Mary Sue characters…
OK, so I’m going into bat for a character that a lot of people think is a Mary Sue. And I’m kind of cheating here, because I don’t think Celaena is a Mary Sue at all. And if you know the story well (which I don’t particularly want to go into, because I’m not about spoilers) then I think you have to admit she was trained from a very young age to be handy with a blade. She has a lot of determination to learn new things. And even when you get to book 3 she’s not great at new skills (in fact has disastrous results at times) — and she trains ridiculously hard to get better.
Throne of Glass — Sarah J Maas
After serving out a year of hard labor in the salt mines of Endovier for her crimes, 18-year-old assassin Celaena Sardothien is dragged before the Crown Prince. Prince Dorian offers her her freedom on one condition: she must act as his champion in a competition to find a new royal assassin.
Her opponents are men — thieves and assassins and warriors from across the empire, each sponsored by a member of the king’s council. If she beats her opponents in a series of eliminations, she’ll serve the kingdom for four years and then be granted her freedom. Celaena finds her training sessions with the captain of the guard, Westfall, challenging and exhilarating. But she’s bored stiff by court life. Things get a little more interesting when the prince starts to show interest in her… but it’s the gruff Captain Westfall who seems to understand her best.

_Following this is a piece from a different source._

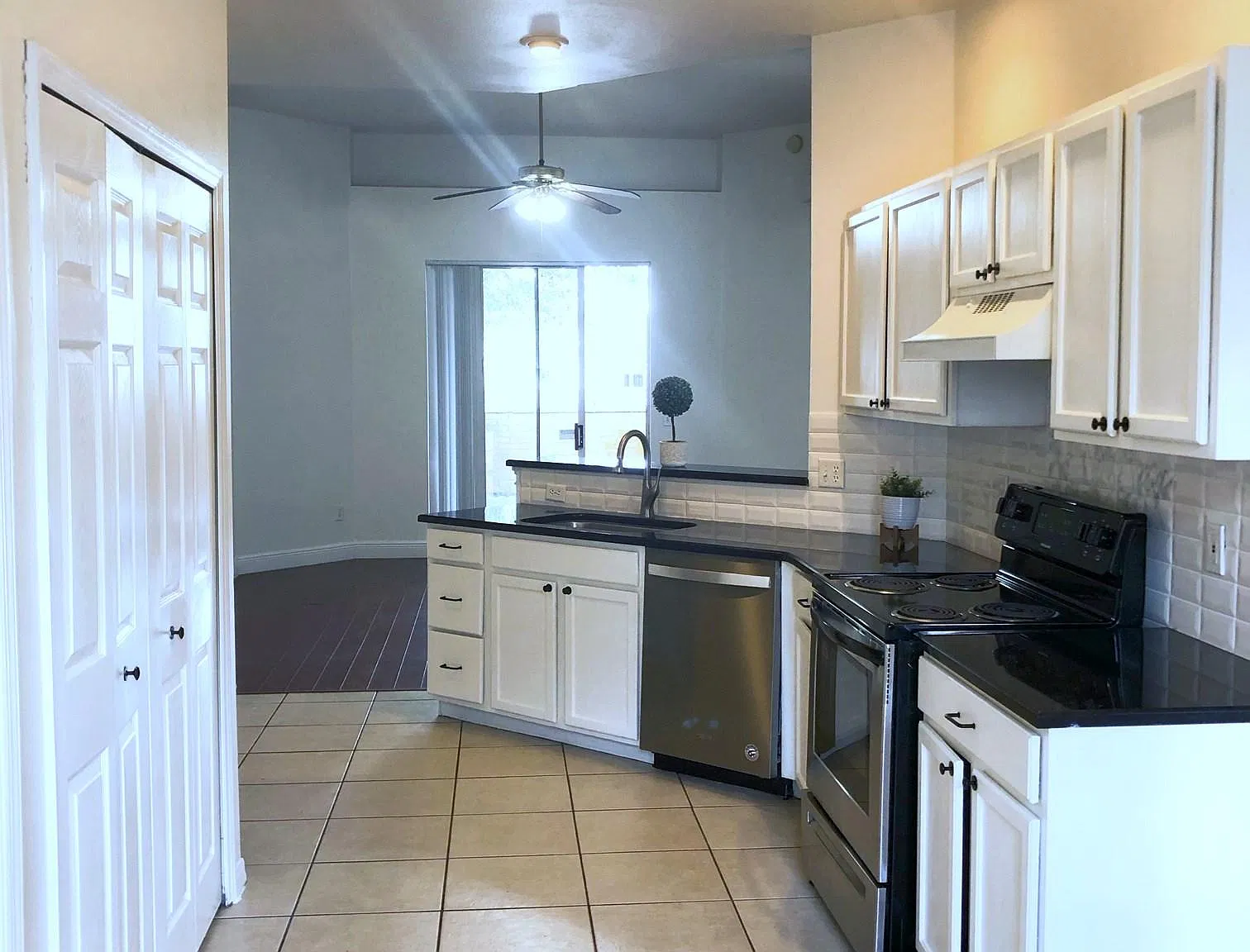 4 bed, 1810 sqft, $2,500 — Photo 1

Then one of the other contestants turns up dead… quickly followed by another. Can Celaena figure out who the killer is before she becomes a victim? As the young assassin investigates, her search leads her to discover a greater destiny than she could possibly have imagined.
Weirdly, this one was easy… But there’s only one character who came to mind. So I’m going with “Kerri Maniscalco nailed it” rather than “Meeghan doesn’t actually hate this trope”. Because I do. I could list 15 characters who I would rather see killed off than return in the sequel.
Kingdom of the Wicked — Kerri Maniscalco
Two sisters. One brutal murder. A quest for vengeance that will unleash Hell itself… And an intoxicating romance.
Emilia and her twin sister Vittoria are streghe — witches who live secretly among humans, avoiding notice and persecution. One night, Vittoria misses dinner service at the family’s renowned Sicilian restaurant. Emilia soon finds the body of her beloved twin… desecrated beyond belief. Devastated, Emilia sets out to find her sister’s killer and to seek vengeance at any cost-even if it means using dark magic that’s been long forbidden.
Then Emilia meets Wrath, one of the Wicked — princes of Hell she has been warned against in tales since she was a child. Wrath claims to be on Emilia’s side, tasked by his master with solving the series of women’s murders on the island. But when it comes to the Wicked, nothing is as it seems…
Amnesia / memory lapses…
Annoyingly, this one was also easy, but more because I knew what the opposite would be when I wrote last week’s post. Because this book is ALWAYS going to be my exception to the rule. In fact, the reason I love the way this book deals with it, is because it’s not used as a plot device. It’s the premise of the story, which actually makes it amazing.
The Rook — Daniel O’Malley
“The body you are wearing used to be mine.”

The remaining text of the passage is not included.